Robert Smith, founder and managing partner of SHADOWCAT, has logged incalculable nautical miles over the years. Having climbed his way to the top of the commercial engineering ranks, Smith achieved an unlimited Class I license and worked as a chief engineer on board various cruise and commercial vessels as large as 45,000 GT. Recruited in the yachting world and looking for a challenge, he then served as chief engineer on some of the most iconic vessels in the world, including 112.8-metre Le Grand Bleu, 92-metre Tatoosh, 65-metre White Cloud (now named Falcon Lair) and 59-metre Helios (now named Treehouse).
From engineer to entrepreneur
After many years of working on board, Smith transitioned to technical and shoreside support and management in 2008, sharing his expertise in project management on several builds and refits, both with management companies and through his own firm, YCTS Ltd. With his commercial background, experience working on board some of the largest superyachts in the world, and an impressive portfolio of technical management projects, Smith turned his head to vessel development.
In 2016, Smith undertook the role of client project manager for what was to be 87-metre Lonian, a Feadship that was delivered in 2018 to much acclaim from the industry. With a technical specification written and developed by Smith, together with DeVoogt Naval Architects and Feadship, the yacht was ahead of her time. Launched with a diesel-electric capability thanks to her PTO/PTI transmission and battery bank, she was able to cruise in full electrical mode using only batteries or generators, and the ground-breaking D/C busbar system also allowed for system optimisation. Waste heat recovery was also introduced, where jacket water was used to heat the swimming pools and Jacuzzis—another example of maximising and integrating the most advanced technology available at the time.

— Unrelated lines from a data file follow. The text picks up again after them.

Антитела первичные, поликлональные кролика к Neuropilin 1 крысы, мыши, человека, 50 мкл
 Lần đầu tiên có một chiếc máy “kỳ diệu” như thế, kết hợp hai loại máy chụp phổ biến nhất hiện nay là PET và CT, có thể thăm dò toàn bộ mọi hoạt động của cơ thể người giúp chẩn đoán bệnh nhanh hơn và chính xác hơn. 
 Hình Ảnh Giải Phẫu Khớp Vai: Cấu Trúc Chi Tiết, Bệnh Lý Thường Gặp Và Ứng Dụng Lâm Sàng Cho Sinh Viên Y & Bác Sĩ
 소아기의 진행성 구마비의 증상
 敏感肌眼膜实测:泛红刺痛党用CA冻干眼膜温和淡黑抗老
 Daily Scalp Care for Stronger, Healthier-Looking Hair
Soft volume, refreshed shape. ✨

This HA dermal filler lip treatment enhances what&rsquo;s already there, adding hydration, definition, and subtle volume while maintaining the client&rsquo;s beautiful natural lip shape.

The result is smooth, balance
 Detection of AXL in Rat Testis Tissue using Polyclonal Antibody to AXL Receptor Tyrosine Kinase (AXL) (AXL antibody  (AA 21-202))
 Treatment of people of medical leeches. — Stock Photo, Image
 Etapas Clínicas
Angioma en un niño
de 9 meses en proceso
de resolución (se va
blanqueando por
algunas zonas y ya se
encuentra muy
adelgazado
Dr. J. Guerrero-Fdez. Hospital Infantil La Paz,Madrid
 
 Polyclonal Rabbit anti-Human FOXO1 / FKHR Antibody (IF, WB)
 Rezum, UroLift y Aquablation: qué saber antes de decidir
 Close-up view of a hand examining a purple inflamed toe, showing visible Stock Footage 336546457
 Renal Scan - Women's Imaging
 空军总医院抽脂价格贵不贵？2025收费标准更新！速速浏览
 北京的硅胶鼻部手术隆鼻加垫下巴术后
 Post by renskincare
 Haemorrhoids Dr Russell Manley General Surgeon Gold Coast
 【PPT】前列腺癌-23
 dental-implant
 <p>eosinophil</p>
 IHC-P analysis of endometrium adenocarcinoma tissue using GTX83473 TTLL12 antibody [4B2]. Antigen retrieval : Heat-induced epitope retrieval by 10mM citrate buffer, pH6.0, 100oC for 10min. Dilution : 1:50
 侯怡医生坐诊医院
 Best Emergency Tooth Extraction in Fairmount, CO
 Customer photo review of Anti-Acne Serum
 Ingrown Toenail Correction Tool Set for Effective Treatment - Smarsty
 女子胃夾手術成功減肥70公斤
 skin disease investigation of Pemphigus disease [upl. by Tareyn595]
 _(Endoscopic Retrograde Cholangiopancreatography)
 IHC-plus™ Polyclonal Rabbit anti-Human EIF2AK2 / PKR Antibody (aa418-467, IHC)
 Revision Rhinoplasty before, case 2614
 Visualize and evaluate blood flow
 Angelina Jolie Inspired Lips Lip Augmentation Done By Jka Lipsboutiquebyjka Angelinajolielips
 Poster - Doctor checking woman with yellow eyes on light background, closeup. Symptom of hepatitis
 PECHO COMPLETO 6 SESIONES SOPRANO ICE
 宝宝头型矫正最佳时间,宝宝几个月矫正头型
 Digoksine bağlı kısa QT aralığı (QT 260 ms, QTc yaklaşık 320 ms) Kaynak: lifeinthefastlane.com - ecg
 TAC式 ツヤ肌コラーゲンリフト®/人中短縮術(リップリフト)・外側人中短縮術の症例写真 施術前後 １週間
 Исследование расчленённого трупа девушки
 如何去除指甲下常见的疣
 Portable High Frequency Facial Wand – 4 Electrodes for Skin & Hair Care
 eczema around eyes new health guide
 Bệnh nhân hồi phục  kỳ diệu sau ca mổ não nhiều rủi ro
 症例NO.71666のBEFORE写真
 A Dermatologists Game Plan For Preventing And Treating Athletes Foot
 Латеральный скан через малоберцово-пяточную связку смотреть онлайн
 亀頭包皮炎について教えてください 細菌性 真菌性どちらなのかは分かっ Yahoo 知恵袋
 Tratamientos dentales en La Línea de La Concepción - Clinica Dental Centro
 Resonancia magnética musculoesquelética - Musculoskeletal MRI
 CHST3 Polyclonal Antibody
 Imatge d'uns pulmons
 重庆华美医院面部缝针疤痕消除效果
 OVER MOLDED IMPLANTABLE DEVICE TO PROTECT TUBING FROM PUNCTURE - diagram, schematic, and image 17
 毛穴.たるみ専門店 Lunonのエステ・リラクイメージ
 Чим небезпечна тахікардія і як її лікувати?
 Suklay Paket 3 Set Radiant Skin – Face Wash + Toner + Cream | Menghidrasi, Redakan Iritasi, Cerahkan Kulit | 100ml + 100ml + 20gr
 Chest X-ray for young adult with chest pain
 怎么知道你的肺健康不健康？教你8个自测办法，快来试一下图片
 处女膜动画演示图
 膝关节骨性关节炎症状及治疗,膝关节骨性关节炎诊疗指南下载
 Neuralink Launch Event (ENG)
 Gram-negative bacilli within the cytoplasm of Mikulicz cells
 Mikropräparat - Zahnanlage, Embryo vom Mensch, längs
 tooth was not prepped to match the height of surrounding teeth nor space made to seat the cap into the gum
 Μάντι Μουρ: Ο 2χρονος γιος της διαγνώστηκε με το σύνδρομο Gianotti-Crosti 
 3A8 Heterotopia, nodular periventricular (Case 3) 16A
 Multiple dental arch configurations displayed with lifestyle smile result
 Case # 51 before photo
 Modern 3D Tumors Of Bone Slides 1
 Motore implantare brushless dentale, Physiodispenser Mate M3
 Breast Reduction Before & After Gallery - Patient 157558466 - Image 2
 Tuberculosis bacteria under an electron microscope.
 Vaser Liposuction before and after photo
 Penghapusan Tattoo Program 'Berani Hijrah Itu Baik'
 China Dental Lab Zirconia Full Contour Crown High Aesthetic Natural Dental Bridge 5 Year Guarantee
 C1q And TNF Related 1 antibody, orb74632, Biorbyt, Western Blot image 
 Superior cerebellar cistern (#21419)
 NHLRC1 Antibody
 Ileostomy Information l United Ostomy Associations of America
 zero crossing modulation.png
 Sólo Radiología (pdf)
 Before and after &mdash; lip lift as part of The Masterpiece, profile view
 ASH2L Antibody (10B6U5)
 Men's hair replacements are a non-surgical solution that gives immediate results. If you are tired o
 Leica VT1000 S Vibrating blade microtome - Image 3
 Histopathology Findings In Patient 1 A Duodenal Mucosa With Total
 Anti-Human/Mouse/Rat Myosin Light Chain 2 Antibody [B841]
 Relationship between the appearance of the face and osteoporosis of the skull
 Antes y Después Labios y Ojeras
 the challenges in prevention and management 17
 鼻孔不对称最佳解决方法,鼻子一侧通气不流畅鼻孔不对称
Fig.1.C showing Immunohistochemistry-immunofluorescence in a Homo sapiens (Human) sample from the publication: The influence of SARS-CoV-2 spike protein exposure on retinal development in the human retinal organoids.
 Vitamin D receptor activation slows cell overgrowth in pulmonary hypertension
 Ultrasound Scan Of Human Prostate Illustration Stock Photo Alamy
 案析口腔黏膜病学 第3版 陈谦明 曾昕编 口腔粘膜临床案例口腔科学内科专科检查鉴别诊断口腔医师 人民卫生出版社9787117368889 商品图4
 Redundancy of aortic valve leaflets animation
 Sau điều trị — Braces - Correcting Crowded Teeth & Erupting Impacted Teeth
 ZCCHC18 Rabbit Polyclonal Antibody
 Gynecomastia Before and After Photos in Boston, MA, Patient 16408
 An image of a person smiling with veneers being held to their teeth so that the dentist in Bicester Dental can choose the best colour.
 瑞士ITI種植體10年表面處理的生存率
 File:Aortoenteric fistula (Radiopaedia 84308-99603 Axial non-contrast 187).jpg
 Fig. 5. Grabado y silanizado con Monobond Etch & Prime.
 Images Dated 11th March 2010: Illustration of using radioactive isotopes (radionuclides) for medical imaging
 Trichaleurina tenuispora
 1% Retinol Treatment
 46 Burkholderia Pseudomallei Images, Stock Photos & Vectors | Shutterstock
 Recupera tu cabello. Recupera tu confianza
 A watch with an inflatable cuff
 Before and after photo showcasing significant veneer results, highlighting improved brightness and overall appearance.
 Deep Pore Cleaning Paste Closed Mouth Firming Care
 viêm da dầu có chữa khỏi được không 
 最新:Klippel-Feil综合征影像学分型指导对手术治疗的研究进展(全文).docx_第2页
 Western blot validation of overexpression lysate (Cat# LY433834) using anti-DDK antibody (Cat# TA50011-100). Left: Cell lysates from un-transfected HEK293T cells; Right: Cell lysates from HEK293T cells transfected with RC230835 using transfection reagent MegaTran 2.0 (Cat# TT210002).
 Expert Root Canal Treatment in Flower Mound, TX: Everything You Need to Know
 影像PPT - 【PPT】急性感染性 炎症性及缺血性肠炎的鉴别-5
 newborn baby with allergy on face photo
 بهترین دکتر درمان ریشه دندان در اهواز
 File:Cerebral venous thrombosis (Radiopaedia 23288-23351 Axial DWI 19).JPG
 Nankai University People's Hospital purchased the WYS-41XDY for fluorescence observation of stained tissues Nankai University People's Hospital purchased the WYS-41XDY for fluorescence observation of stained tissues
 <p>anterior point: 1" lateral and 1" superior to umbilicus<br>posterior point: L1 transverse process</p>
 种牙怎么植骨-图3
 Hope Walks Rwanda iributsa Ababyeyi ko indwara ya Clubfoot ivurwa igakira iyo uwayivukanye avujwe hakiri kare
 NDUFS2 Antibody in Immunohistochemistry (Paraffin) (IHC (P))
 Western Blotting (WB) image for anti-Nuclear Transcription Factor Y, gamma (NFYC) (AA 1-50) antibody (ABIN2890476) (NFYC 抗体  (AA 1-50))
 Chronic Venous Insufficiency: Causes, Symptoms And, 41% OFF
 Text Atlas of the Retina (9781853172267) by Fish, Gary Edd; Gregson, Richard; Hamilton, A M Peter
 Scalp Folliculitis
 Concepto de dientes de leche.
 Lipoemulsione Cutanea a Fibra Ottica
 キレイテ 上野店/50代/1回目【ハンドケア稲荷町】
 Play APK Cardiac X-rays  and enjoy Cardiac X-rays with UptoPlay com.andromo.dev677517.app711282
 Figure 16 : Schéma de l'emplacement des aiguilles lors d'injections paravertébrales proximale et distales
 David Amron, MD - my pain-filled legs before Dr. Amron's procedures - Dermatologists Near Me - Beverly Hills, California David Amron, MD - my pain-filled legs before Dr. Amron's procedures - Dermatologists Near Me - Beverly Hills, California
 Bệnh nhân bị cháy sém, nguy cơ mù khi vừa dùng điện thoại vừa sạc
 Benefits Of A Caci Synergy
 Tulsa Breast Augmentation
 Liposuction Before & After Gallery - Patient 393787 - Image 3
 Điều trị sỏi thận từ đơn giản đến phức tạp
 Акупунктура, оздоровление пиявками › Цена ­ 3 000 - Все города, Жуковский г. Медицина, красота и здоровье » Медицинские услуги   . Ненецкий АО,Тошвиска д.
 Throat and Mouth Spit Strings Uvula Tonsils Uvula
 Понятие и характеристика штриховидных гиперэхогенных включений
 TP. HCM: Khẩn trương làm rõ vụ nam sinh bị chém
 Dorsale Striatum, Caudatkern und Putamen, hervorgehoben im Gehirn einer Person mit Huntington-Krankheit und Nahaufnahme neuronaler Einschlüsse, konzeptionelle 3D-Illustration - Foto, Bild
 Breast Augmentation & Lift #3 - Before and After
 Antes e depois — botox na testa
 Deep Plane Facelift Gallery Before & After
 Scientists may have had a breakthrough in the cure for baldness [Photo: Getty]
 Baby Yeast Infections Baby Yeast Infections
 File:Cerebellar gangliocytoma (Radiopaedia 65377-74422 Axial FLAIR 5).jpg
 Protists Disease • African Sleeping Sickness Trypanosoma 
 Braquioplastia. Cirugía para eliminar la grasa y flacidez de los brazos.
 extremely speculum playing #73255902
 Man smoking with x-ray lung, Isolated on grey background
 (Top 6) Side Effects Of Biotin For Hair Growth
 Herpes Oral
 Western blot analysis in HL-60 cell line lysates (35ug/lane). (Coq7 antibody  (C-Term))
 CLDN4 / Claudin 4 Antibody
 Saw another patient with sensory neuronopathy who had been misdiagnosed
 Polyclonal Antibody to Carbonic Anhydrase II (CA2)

For the same client, Smith was charged with researching options for a support vessel that would suit the specific needs of the owner. With toys, tenders, dive operations, a certified helipad and a submarine all in the brief, there was not a vessel on the market that was fit for purpose. With his knowledge of power catamaran hulls, which were being used extensively in high-speed commercial applications, Smith pitched this idea to the owner, proposing that they take a chance on the revolutionary idea. Aside from the obvious capacity advantages these wide-beamed vessels offer, and the inherent efficiency that catamarans afford, the stability offered for the launch and recovery of tenders and other heavy equipment is unmatched.
It was this project that led Smith to see a gap in the market and launch a bespoke support vessel company.
A new company sets sail
Given Smith's background, expertise and industry connections, he had built up a network that would allow him to not only build boats, but build a revolutionary new company focused on creating only the finest bespoke support vessels.
Once SHADOWCAT was formed, their first call was to Incat Crowther, a world leader in power catamaran design with over 800 boats in the water. Smith’s relationship with Incat Crowther started six years earlier when he helped develop one of its fast-rig monohulls as a support vessel for a previous client. Following this, the decision to work with Incat Crowther on the 66.2-metre catamaran Hodor was an obvious choice.
Collaboration with an innovative builder
After searching worldwide for a state-of-the-art shipyard to work alongside, Smith was impressed with Astilleros Armon’s shipbuilding operation in northern Spain. A group of six (now seven) shipyard facilities, Armon Shipyards is spread across the northern coast of Spain and is responsible for nearly 1,000 ships at sea.
With over 55 years of experience in the shipbuilding industry, Armon Shipyards has always been at the forefront of innovation and continuously adapts to the evolution of the market. The yard is known globally for building tailor-made vessels from basic design to final delivery. With this in mind, Smith felt the shipyard was most aligned with SHADOWCAT’s vision.
Together, SHADOWCAT and Armon have launched several award-winning boats, including Hodor and 68.2-metre Wayfinder, and Armon is now a trusted partner of SHADOWCAT and the preferred shipbuilder for the brand.
What’s next for SHADOWCAT?
Together with Incat Crowther and Armon, SHADOWCAT created a category of yacht—custom-made support vessels designed to owners’ specific needs. Designed by SHADOWCAT, the first concept in this category, Sustain, will be displayed on the SHADOWCAT stand at the 2023 Monaco Yacht Show, which the brand says will "demonstrate a route to a more sustainable future in the yachting industry". So, what’s next?
According to SHADOWCAT, plenty of new boats, ideas, designs and technologies are in the pipeline. Committed to looking ahead at the needs of the market, the brand is preparing to release new category breakthroughs.
“We will continue to look for ways to innovate and apply technologies to support owners, captains and expeditions," says Smith. "As leaders, we feel it is crucial to continually push ourselves to raise the bar on the various types of support vessels we design not only today but as we move into the future.
"We’re also very proud of our leadership role in citizen science and the partnership we’ve established with the Water Revolution Foundation to expand our knowledge and contribute to the new metrics of yachting. Yacht-based exploration and ocean conservation work is core to our mission of preserving our oceans and accelerating sustainability in the superyacht industry.”